[WHAT THIS TASK INVOLVES]: For this exercise, please transcribe exactly and only the lines from the one containing "dreamfate live webcam preview" through the end of the material, both ends included, without pictures.

[DATA BLOCK]:
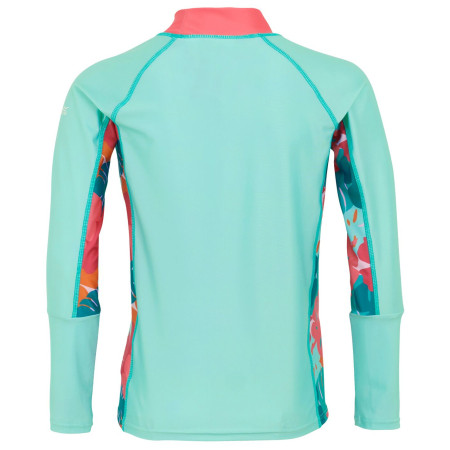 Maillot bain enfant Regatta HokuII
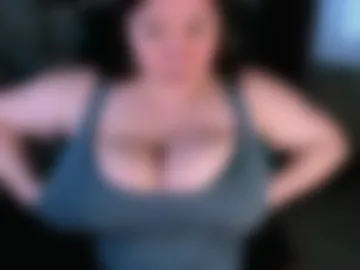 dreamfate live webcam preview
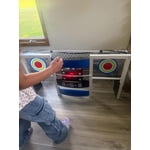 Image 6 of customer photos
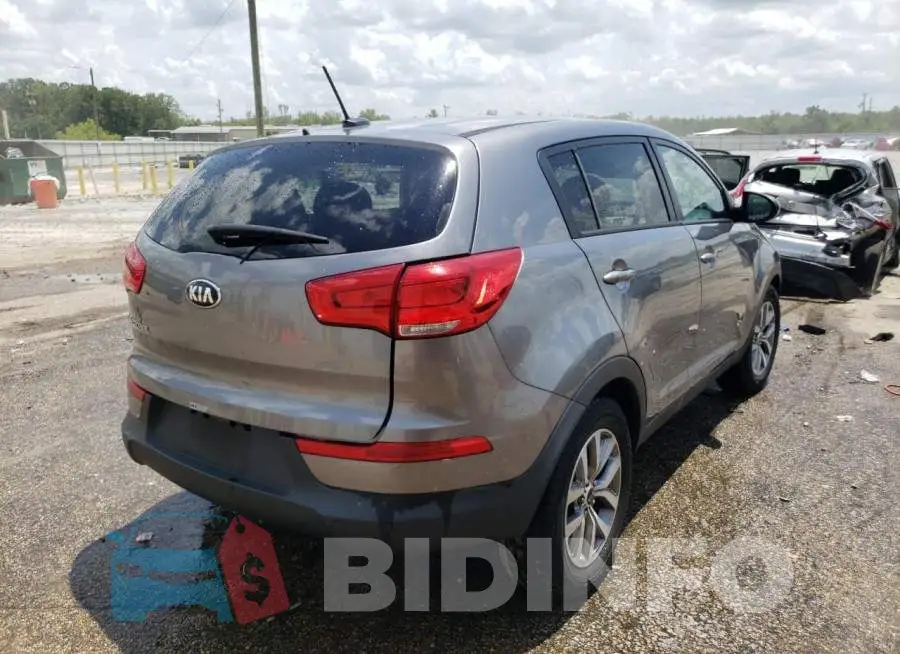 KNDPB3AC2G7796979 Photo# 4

[SOLUTION TO THE EXERCISE]:
 dreamfate live webcam preview
 Image 6 of customer photos
 KNDPB3AC2G7796979 Photo# 4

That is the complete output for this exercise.